Prekenboekje “Kinderen van één Vader”
Ter gelegenheid van het emeritaat van ds. J.A.H. Jongkind, en dus het afscheid van onze dominee, en het 40-jarig ambtsjubileum heeft het de kerkenraad goed gedacht om een prekenboekje uit te geven met preken van ds. Jongkind. Het prekenboekje is een cadeau in de eerste plaats voor ds. Jongkind maar ook aan alle gemeenteleden van onze Hervormde gemeente Brandwijk.
Het prekenboekje heeft als titel “Kinderen van één Vader” en bevat preken van de hand van ds. Jongkind over de zegeningen die Jacob voor zijn sterven meegeeft aan zijn zonen (Genesis 49). Jacob kent zijn zonen als geen ander omdat hij trekken van zichzelf herkent in hen. De preken lezend herkennen wij onszelf weer in hen en boven hen zien we de grote Vaders die met ontferming neerziet op zijn onvolmaakte kinderen. De preken werden in 2018 en 2019 gehouden voor de hervormde gemeente van Brandwijk.
Het boekje is helaas niet meer verkrijgbaar maar voor informatie kunt u nog wel een mail sturen naar prekenboekje@hervormdbrandwijk.nl
Hieronder een ontvangen recensie van een van de lezers:
Toen de bundel van ds. Jongkind “Kinderen van één Vader”, preken over de zonen van Jacob, bij me binnenkwam, las ik die preken meteen door. Dat moet je met preken natuurlijk nooit doen, maar in dit geval kon ik het niet laten. Deze voorganger staat daar recht overeind en geeft de éne zegen van Jacob door op twaalf heel verschillende wijzen – en het is toch één handeling, één zegen! Dat kan je dus echt in één adem lezen.
Wat een sterke geste om zo afscheid te nemen van je gemeente. Deze predikant heeft zijn gemeente door de jaren heen begeleid als een huisarts, die getuige werd van het komen en gaan van de mensen met hun gebreken, en als Miss Marple, die in haar kleine woonplaats alle ondeugden van de mensheid leerde kennen. En daarom begrijpt hij die taal van Jacob, hij kijkt met hem mee naar al die verschillende individuen en heeft ze dóór. Hij zegt dat zonder omwegen recht in hun gezicht en toch houdt hij van ze – anders zou hij ze niet zo kunnen zegenen bij zijn afscheid.

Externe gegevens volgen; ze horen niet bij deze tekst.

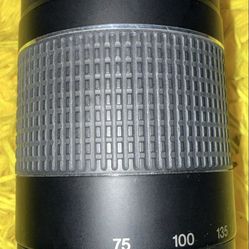Canon EF 75-300mm f/4-5.6 Zoom Lens Telephoto AF/MF 58mm Filter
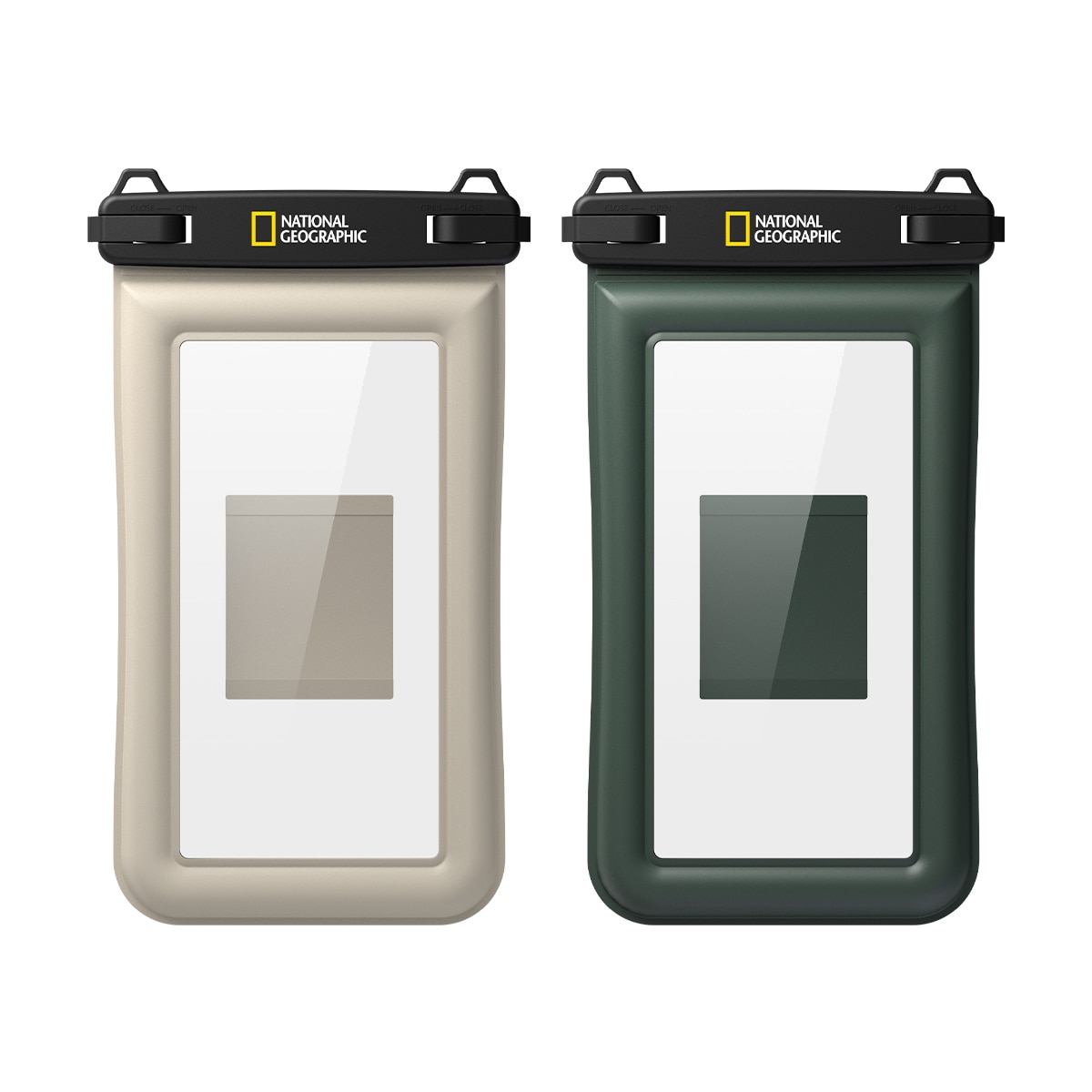 내셔널지오그래픽 스마트폰 방수팩 2개 - 베이지그린 내셔널지오그래픽 스마트폰 방수팩 2개 - 베이지그린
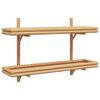 vidaXL Wandregal Wandhalterung Braun 100 x 26 x 60 cm Bambus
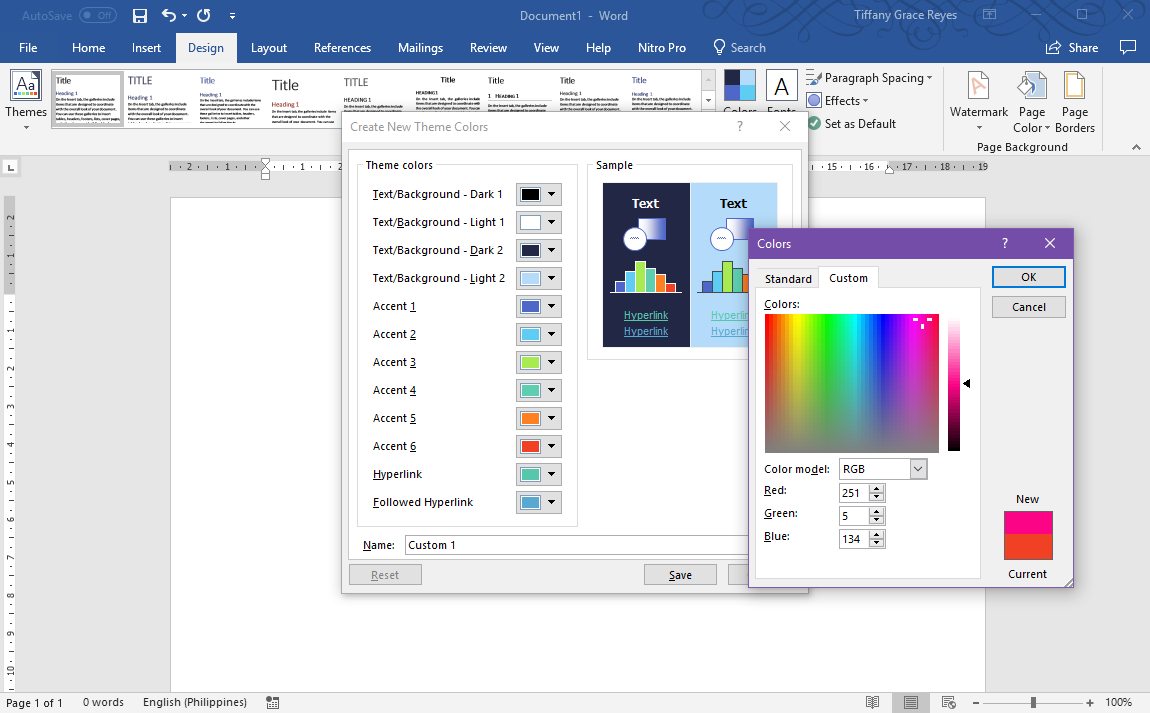 office 2016 for mac share color palette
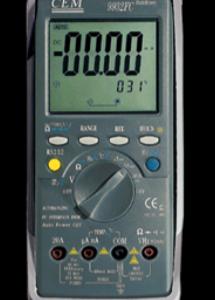 MULTIMETRO DIGITAL MARCA CEM MODELO DT-9932F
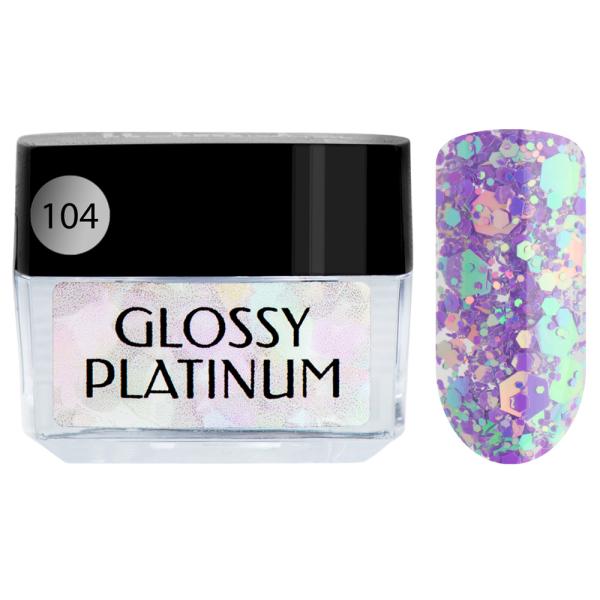 Гель-лак Irisk (Ириск) Glossy Platinum № 104 Duochrome , 5 мл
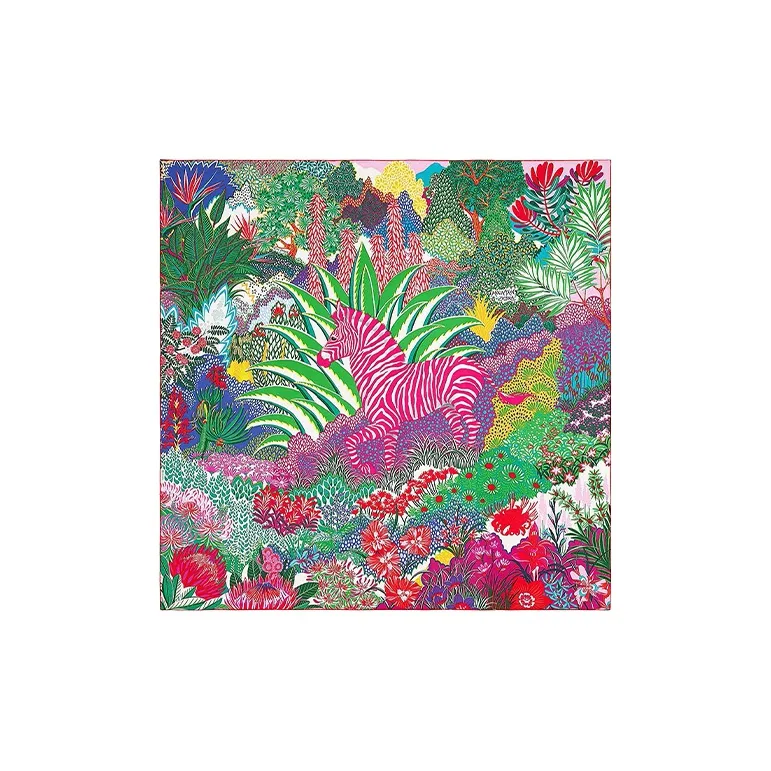 HERMES Silk Scarves Women's Peach Pink Zebra-0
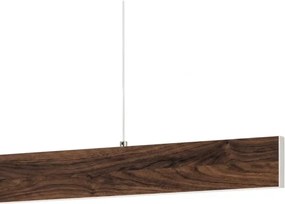 Eglo 39346 - LED závesný luster CLIMENE LED/17W/230V + LED/4,2W orech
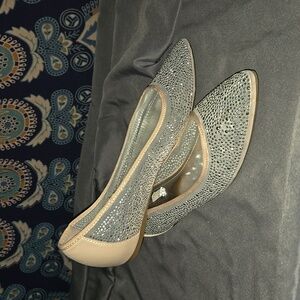 Jennifer Lopez silver sparkling & pink 6.5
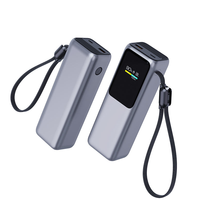 Batterie externe USB Type C et Micro USB de 20000 mAh avec câble intégré pour ordinateur portable, charge rapide, logo personnalisé, grande capacité 100W, vente en gros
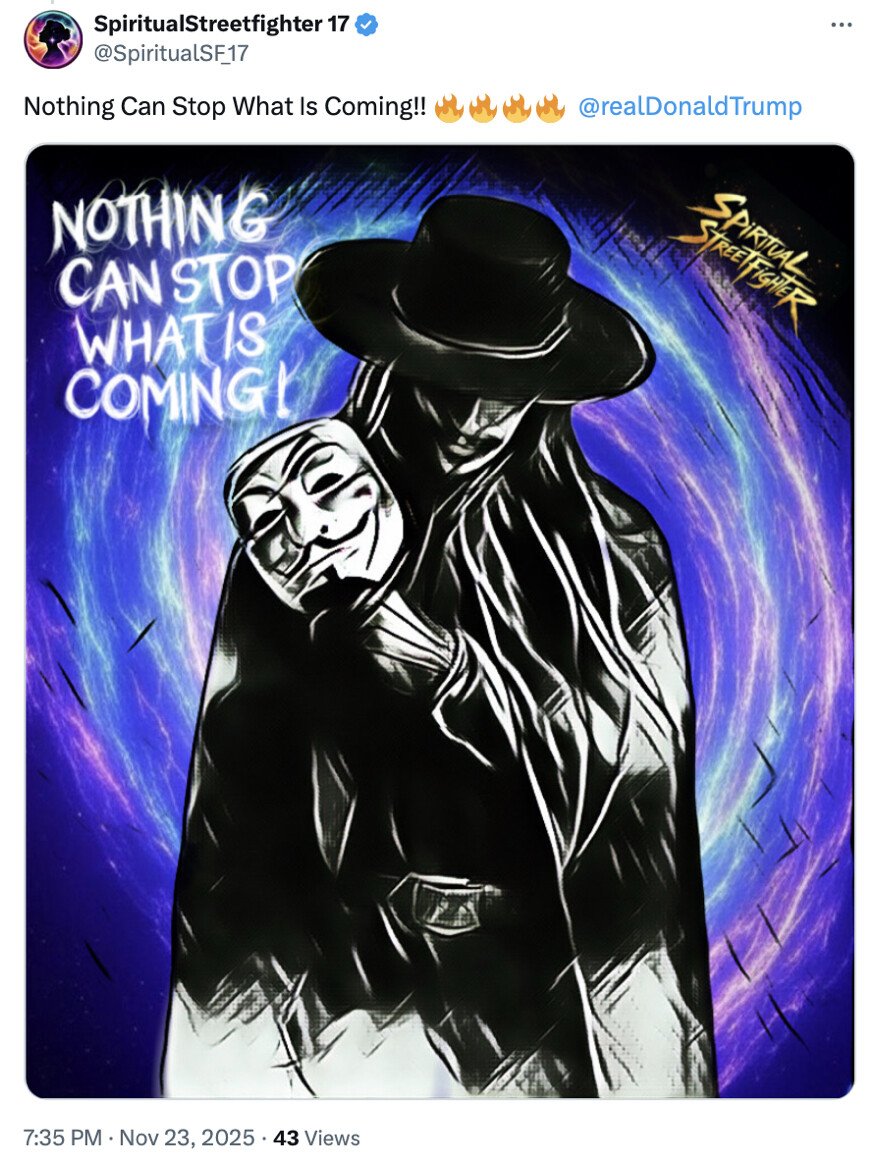 NewsBlast17's tweet image. Trump just posted on Truth Social these 4 screenshots of @SpiritualSF_17 memes.

Nothing can stop what is coming
Time to obliterate the deep state
Tick Tock
Remember your oath

(DO IT Q)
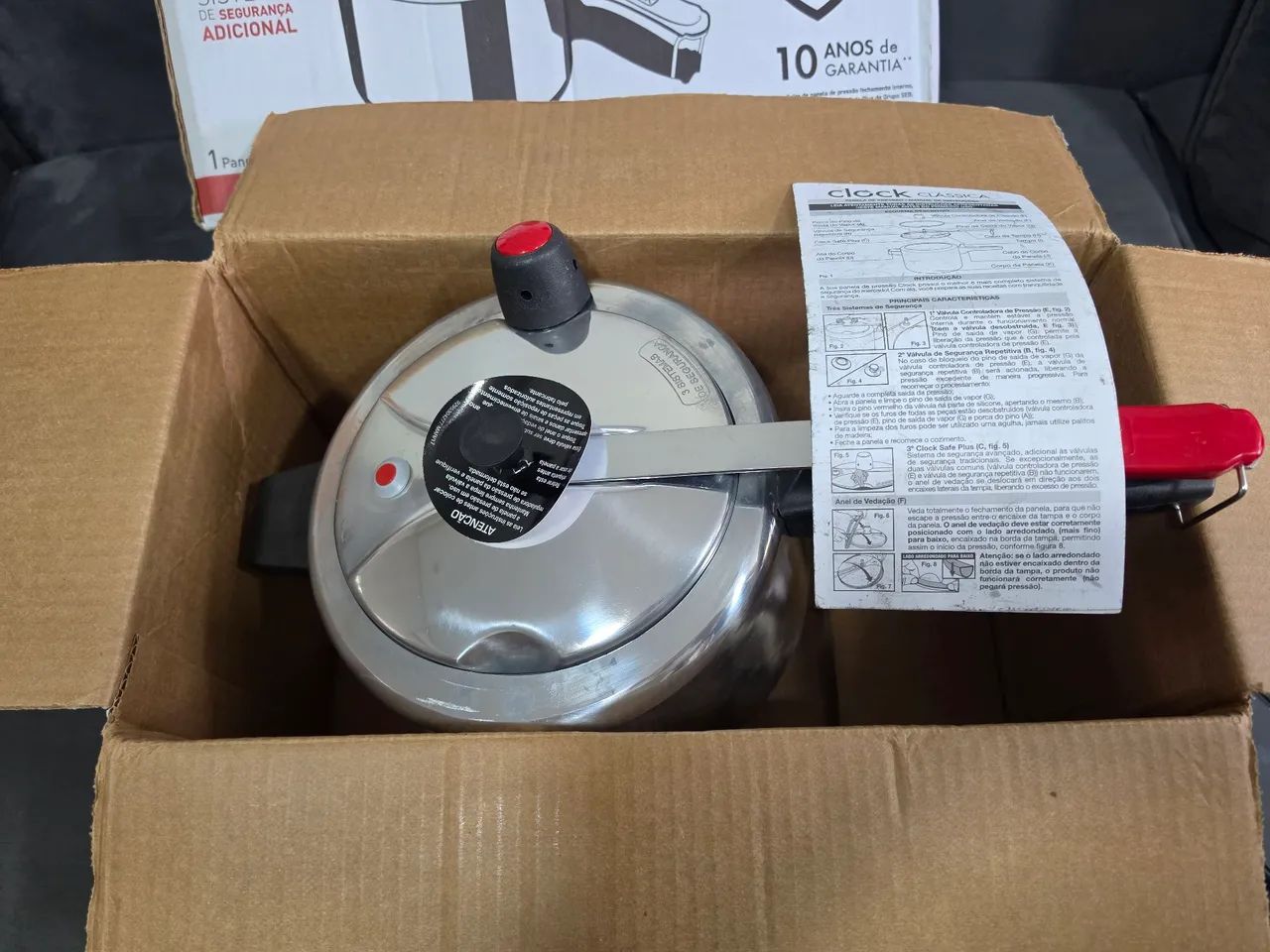 Panela de pressão 4,5L Clock NOVA! - Foto 3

Zijn wijze van omgaan met de tekst is de eenvoud zelve. Hij gaat voor de gemeente staan, leest enkele zinnen uit de bijbel, stopt dan even, kijkt de mensen aan en laat ze voelen dat zij het zijn die in dit verhaal zitten. Zonder omwegen en diepzinnigheden blijft hij bij de dynamische taal van Genesis, waarin woorden even oplichten en weer in het duister verdwijnen. Hij laat merken hoe nabij, kritisch en moedgevend die taal is. Deze ambtsdrager kent het ambacht en hij kent tegelijk de mensen om wie het gaat. Gelukkig geen retoriek, geen homiletische slimmigheidjes, geen bezwerende gebaren. Hij spreekt je heel gewoon aan.
Het zijn zeker geen helden, deze twaalf stamvaders, integendeel, ze stammen uit een dwaas, grof, agressief en slim geslacht. Door de ogen van Jacob zie je hoe zij – nee, zegt de predikant: hoe wij! – leven, wars van Gods genade en toch niet zonder die genade. De voorganger brengt het rustig over, als één van hen die niet buiten of boven hen staat. Hij voegt zich bij de stam Levi en noteert: ‘Een ambtsdrager is eenzaam’ maar hij zegt het zonder de koketterie van de priester of de filosoof die zijn voorname afzondering koestert. Hij zegt het zo, dat hij de eenzaamheid deelt met anderen en op die manier is hij hen nabij. Daarmee demonstreert hij dat wij, zijn hoorders, die leven als ‘zwervers’, zoals hij A. Roland Holst citeert, toch elkaars broers en zussen zijn en van elkaar kunnen houden.
De kennis die in deze preken wordt overgeleverd is godgeleerdheid in de zin van Paulus, zoals ik dat meen te lezen in zijn brief aan de Thessalonicenzen: ‘u bent godgeleerd om elkaar lief te hebben’ (4:9). Communicatieve theologie, dat is de stof waar deze preken van zijn gemaakt.